Semejante conspiración parece descabellada, pero no cabe la menor duda de que los políticos han intervenido como nunca en asuntos sindicales, algo que se consideraba tabú en Alemania. Schröder; su superministro de Economía y trabajo, Wolfgang Clement, y el ministro del Interior, Otto Schily, se pronunciaron en contra de la huelga por las 35 horas o recomiendan al IG Metall que se busque una jefatura más moderna y adecuada a los tiempos actuales. En declaraciones al Financial Times Deutschland, Schröder se manifestó de forma inequívoca a favor de que el IG Metall tome ejemplo del sindicato de la industria química, minería y construcción, "ellos hacen lo que deben en la forma correcta" con subidas salariales moderadas, se trata de "encontrar el equilibrio programático entre la libertad y la solidaridad". Para Schröder, la lucha por el poder en el IG Metall "sólo en la superficie es un conflicto personal", porque detrás se esconden problemas estructurales que exigen una respuesta: "Necesitamos sindicatos modernos y capaces de lograr compromisos con los empresarios".
La lista de sociólogos y politólogos y analistas de toda laya que estos días se pronuncian sobre la crisis del IG Metall y de los sindicatos alemanes sería interminable. El sociólogo inglés Anthony Giddens, teórico de la tercera vía del primer ministro británico, Tony Blair, e inspirador del nuevo centro de Schröder, analiza la derrota en la huelga del IG Metall como "sintomática para darse cuenta de que la autodefinición de los sindicatos tiene que cambiar".

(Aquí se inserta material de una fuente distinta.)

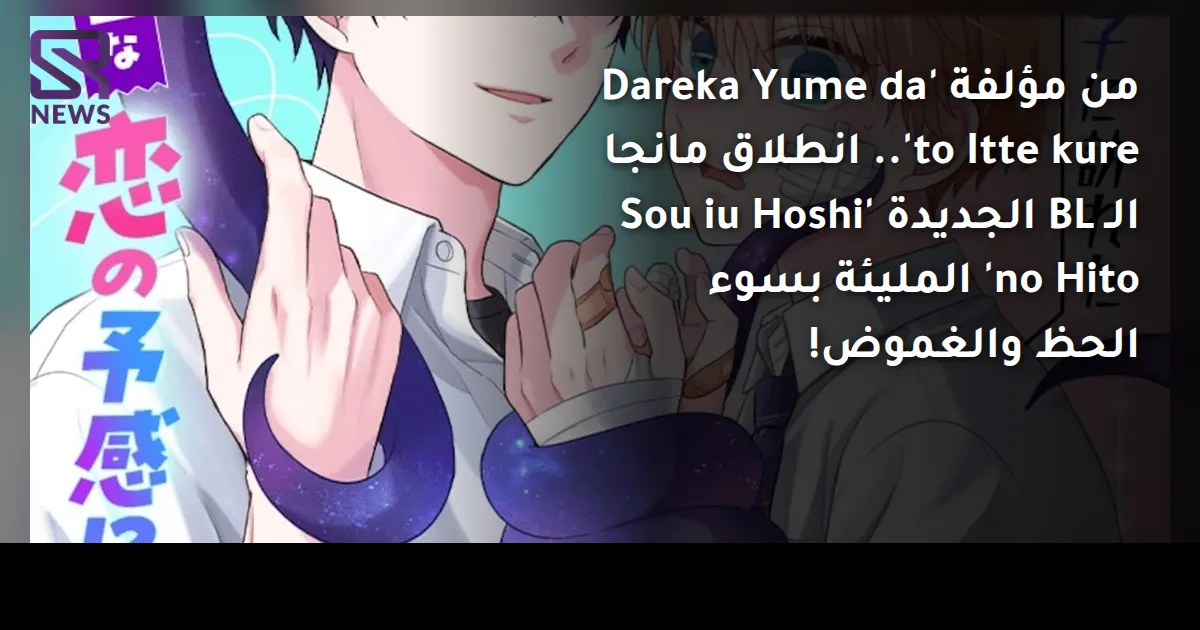 من مؤلفة 'Dareka Yume da to Itte kure'.. انطلاق مانجا الـ BL الجديدة 'Sou iu Hoshi no Hito' المليئة بسوء الحظ والغموض!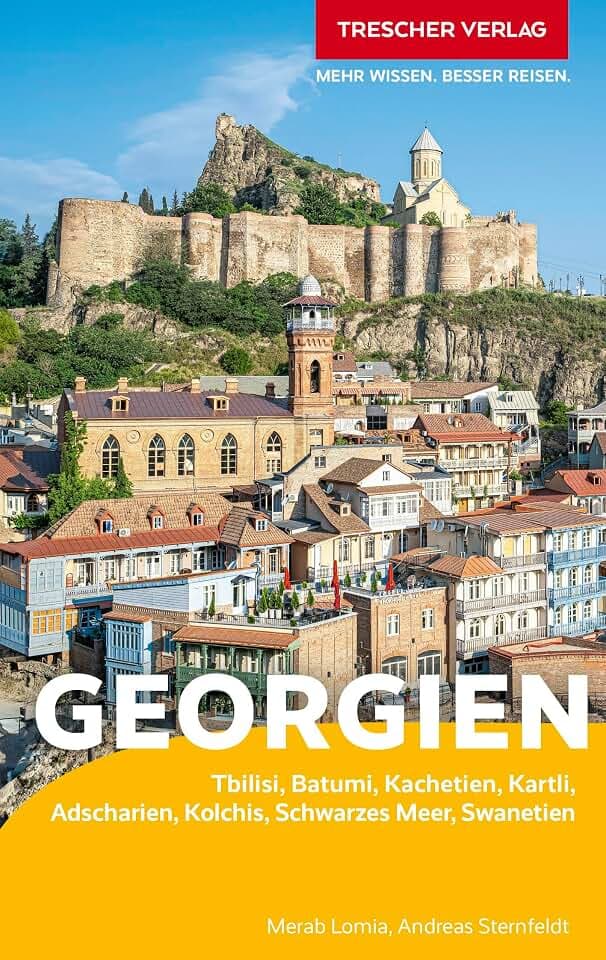 TRESCHER Reiseführer Georgien: Tblisi, Batumi, Kachetien, Kartli, Adscharien, Kolchis, Schwarzes Meer, Swanetien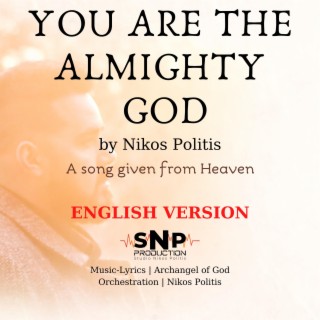 Nikos Politis You are the Almighty God (English) Lyrics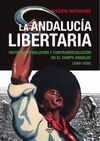 LA ANDALUCIA LIBERTARIA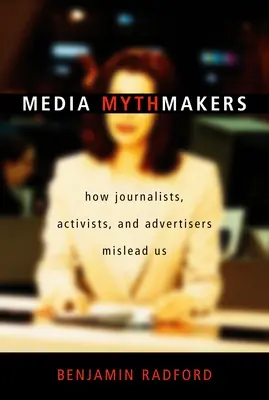 Média Mythmakers: Hogyan vezetnek félre minket az újságírók, aktivisták és hirdetők? - Media Mythmakers: How Journalists, Activists, and Advertisers Mislead Us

Las palabras de Giddens tienen su expresión palpable en el alto número de deserciones en las filas sindicales. En la primera mitad de este año, más de 46.000 se dieron de baja en el IG Metall, más que en todo 2002. La crisis del poderoso sindicato ha empezado a preocupar a los políticos y a sus interlocutores en la patronal. Por eso muchos se inquietan y llaman la atención de que "el aullido de triunfo por la derrota del IG Metall en la huelga es estúpido". Así lo afirma el veterano político democristiano Heiner Geissler, ex secretario general de la CDU. Sostiene Geisler que el IG Metall tiene que analizar la derrota en la huelga, pero "sólo ideólogos deformados en economía empresarial pueden alegrarse cuando se debilitan los sindicatos. Unos sindicatos debilitados no son buenos para Alemania".